§ Exercise details
When you transcribe the listing that follows, keep every line exact and omit the pictures.

*** Dataset excerpt Section Begins ***

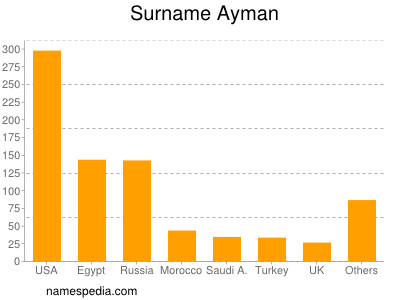 Familiennamen Ayman
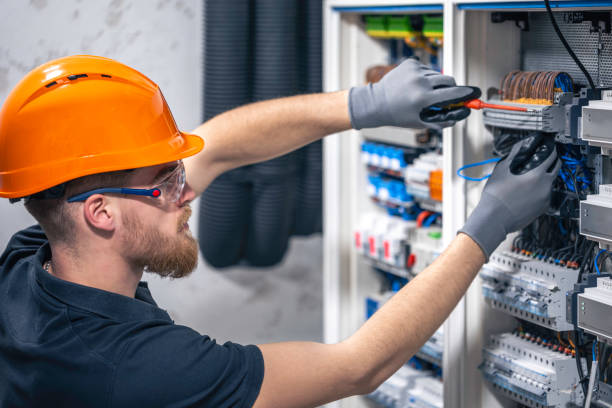 Best Electrical System Inspection  in Spanish Fork, UT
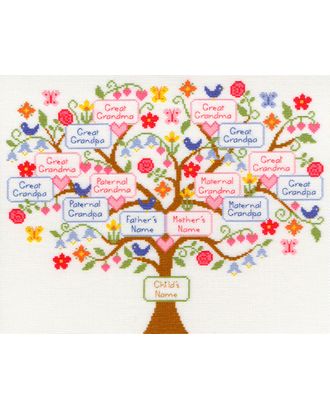 Набор для вышивания "My Family Tree" (Семейное дерево) арт. ГЕЛ-6732-1-ГЕЛ0115128
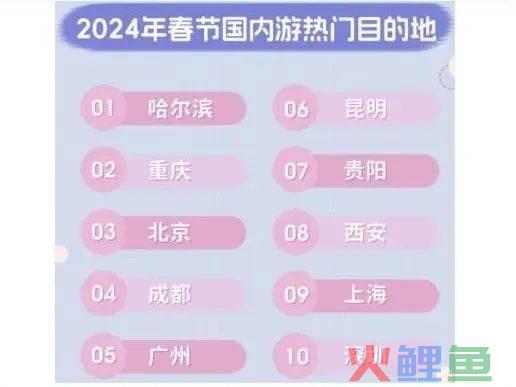 打不过就加入,这届年轻人都咋过年?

*** Dataset excerpt Section Ends ***

§ Answer to this task
 Familiennamen Ayman
 Best Electrical System Inspection  in Spanish Fork, UT
 Набор для вышивания "My Family Tree" (Семейное дерево) арт. ГЕЛ-6732-1-ГЕЛ0115128
 打不过就加入,这届年轻人都咋过年?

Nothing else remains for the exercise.